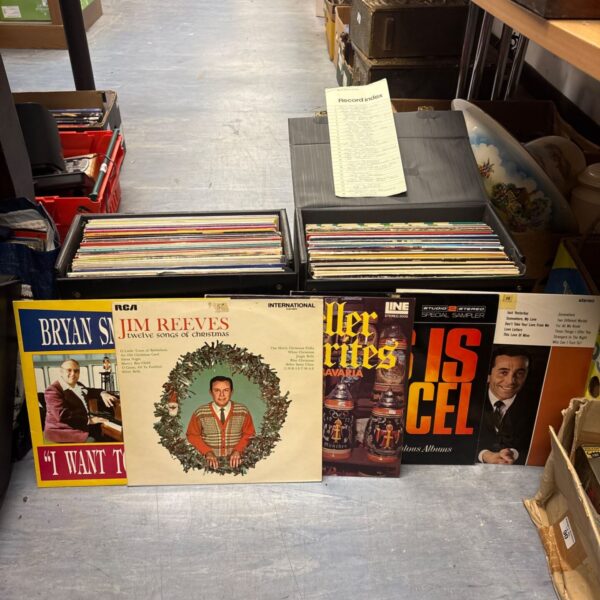 Mixed lot of vintage vinyl records including Jim Reeves albums.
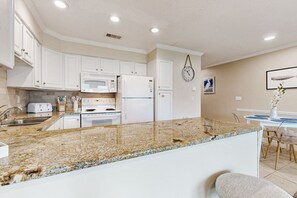 Jääkaappi, mikroaaltouuni, uuni, liesi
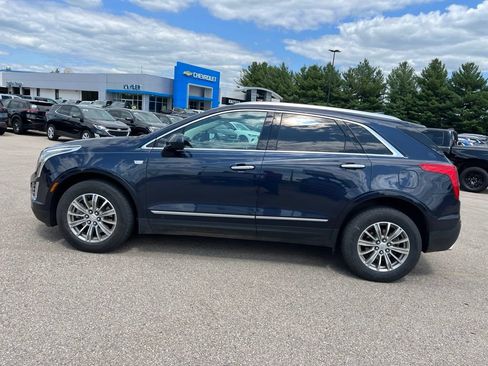 Used 2017 Cadillac XT5 Luxury w/ Driver Awareness Package AWD/4WD image 11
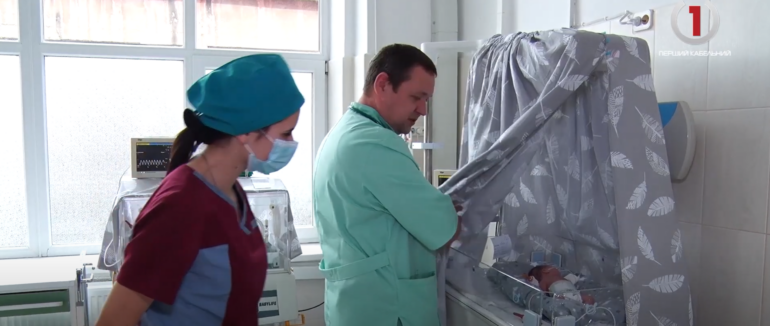 Недоношеність – не вирок: як виходжують передчасно народжених діток у Закарпатській ОДЛ (ВІДЕО)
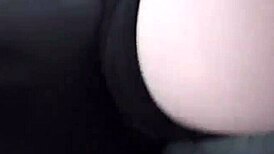 Teen hottie masturbates in the car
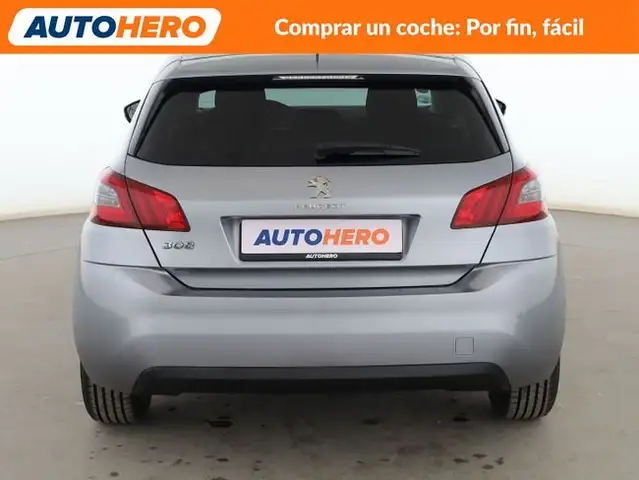 Peugeot 308 view 5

####################

• **What you need to do**:
Produce the material above again in full, with identical lines and no pictures.

• **Exercise answer**:
 Mixed lot of vintage vinyl records including Jim Reeves albums.
 Jääkaappi, mikroaaltouuni, uuni, liesi
 Used 2017 Cadillac XT5 Luxury w/ Driver Awareness Package AWD/4WD image 11
 Недоношеність – не вирок: як виходжують передчасно народжених діток у Закарпатській ОДЛ (ВІДЕО)
 Teen hottie masturbates in the car
 Peugeot 308 view 5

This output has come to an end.